§ **Records**:
********************

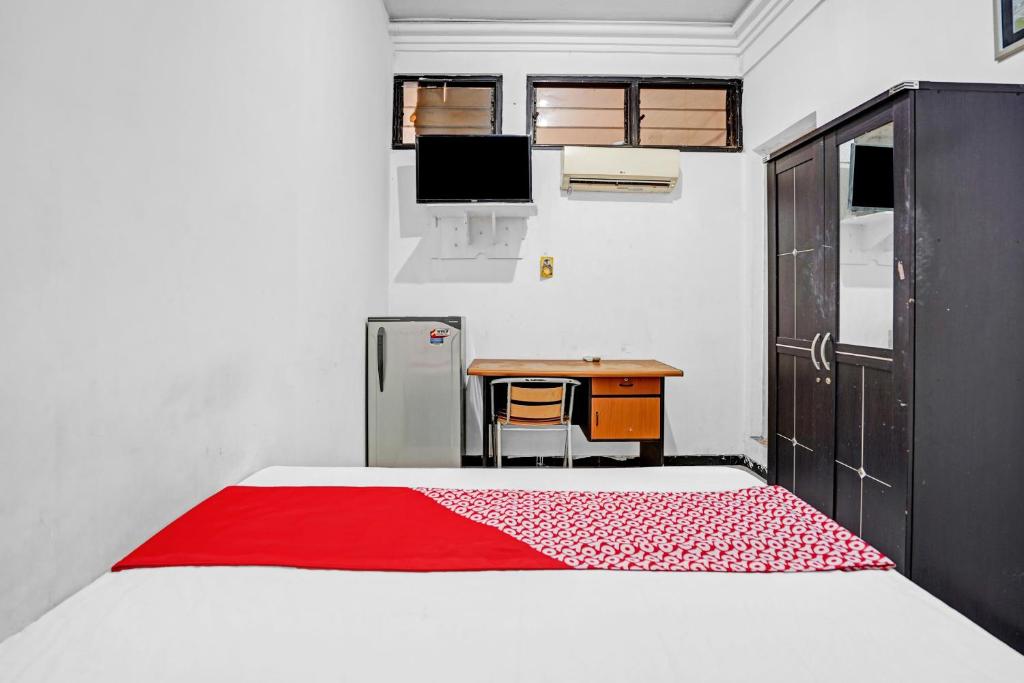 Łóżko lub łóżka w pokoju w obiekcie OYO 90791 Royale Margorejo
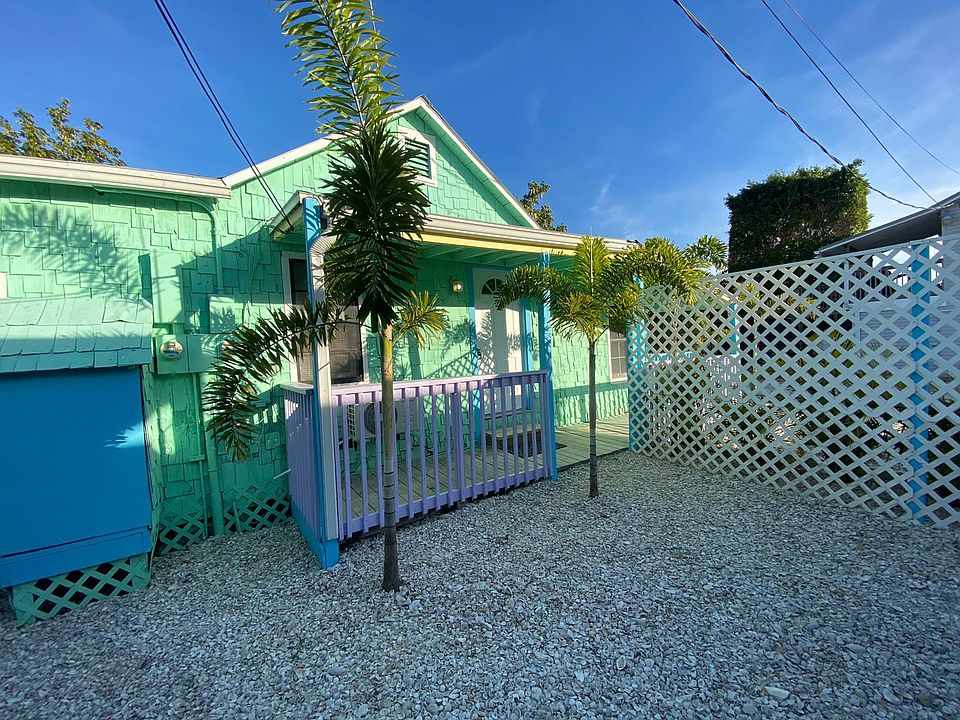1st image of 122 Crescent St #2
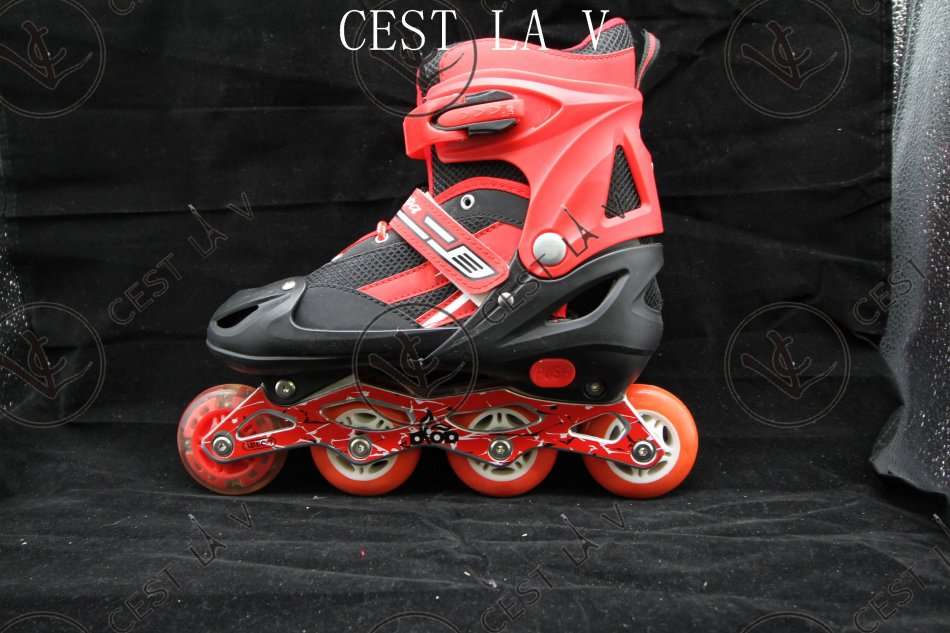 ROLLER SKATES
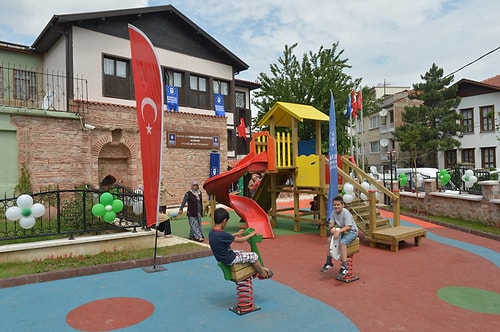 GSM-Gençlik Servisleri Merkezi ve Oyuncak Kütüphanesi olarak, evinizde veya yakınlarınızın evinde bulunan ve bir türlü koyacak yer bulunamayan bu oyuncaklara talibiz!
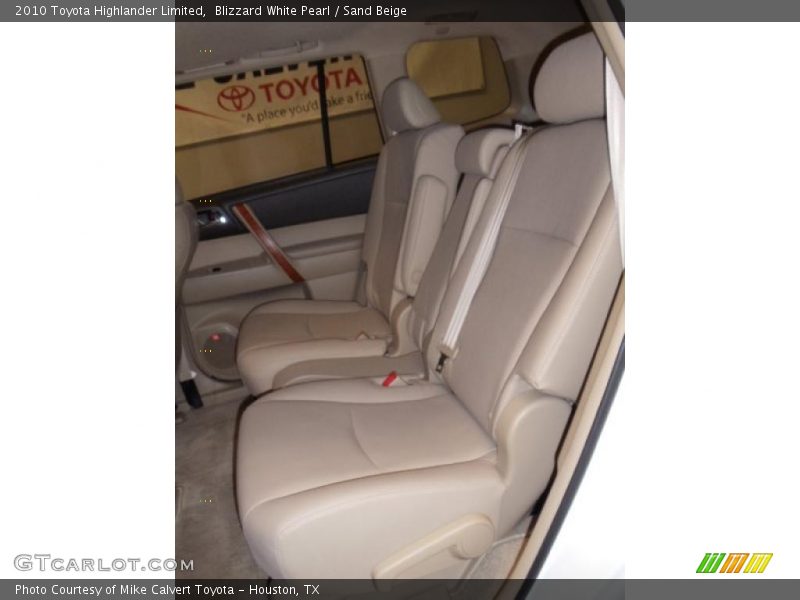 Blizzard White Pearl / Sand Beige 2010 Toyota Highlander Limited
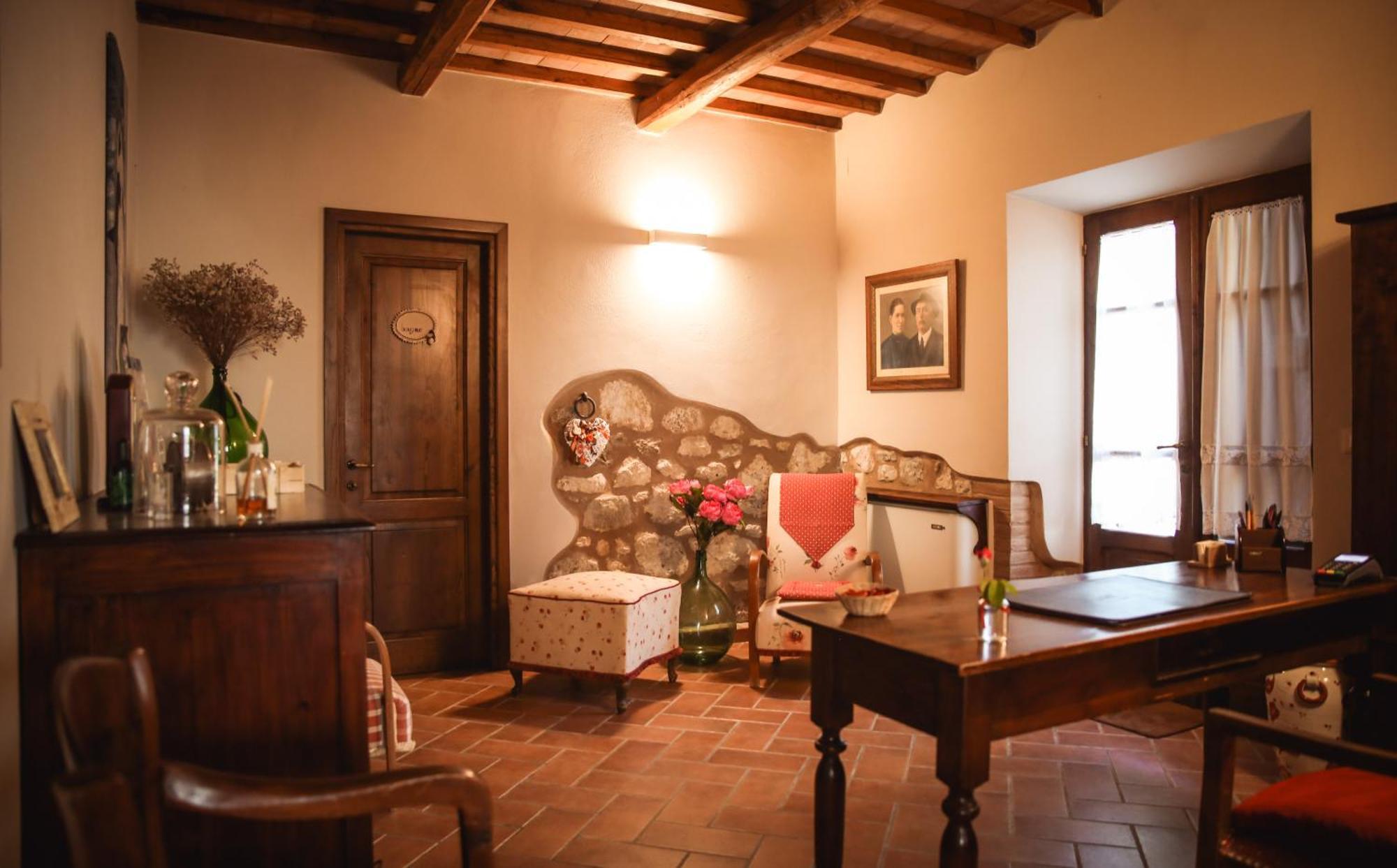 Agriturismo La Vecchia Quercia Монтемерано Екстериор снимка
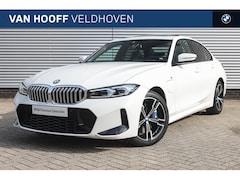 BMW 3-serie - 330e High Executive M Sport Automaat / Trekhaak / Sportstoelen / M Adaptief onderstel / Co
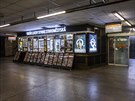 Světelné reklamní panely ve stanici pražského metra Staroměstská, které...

********************

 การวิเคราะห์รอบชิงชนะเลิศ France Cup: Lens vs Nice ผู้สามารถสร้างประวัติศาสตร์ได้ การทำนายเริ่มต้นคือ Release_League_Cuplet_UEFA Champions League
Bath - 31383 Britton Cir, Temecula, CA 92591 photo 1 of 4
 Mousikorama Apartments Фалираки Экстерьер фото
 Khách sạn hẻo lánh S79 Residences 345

********************

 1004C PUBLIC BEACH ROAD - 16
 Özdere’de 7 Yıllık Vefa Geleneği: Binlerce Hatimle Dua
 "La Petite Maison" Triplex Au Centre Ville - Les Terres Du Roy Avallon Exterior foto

********************

§ **Required action**:
Pictures aside, return exactly the lines from the data above, starting at the line that has "Łóżko lub łóżka" and ending at the line that has "Agriturismo La Vecchia", both included.

§ **Answer space**:
 Łóżko lub łóżka w pokoju w obiekcie OYO 90791 Royale Margorejo
1st image of 122 Crescent St #2
 ROLLER SKATES
 GSM-Gençlik Servisleri Merkezi ve Oyuncak Kütüphanesi olarak, evinizde veya yakınlarınızın evinde bulunan ve bir türlü koyacak yer bulunamayan bu oyuncaklara talibiz!
 Blizzard White Pearl / Sand Beige 2010 Toyota Highlander Limited
 Agriturismo La Vecchia Quercia Монтемерано Екстериор снимка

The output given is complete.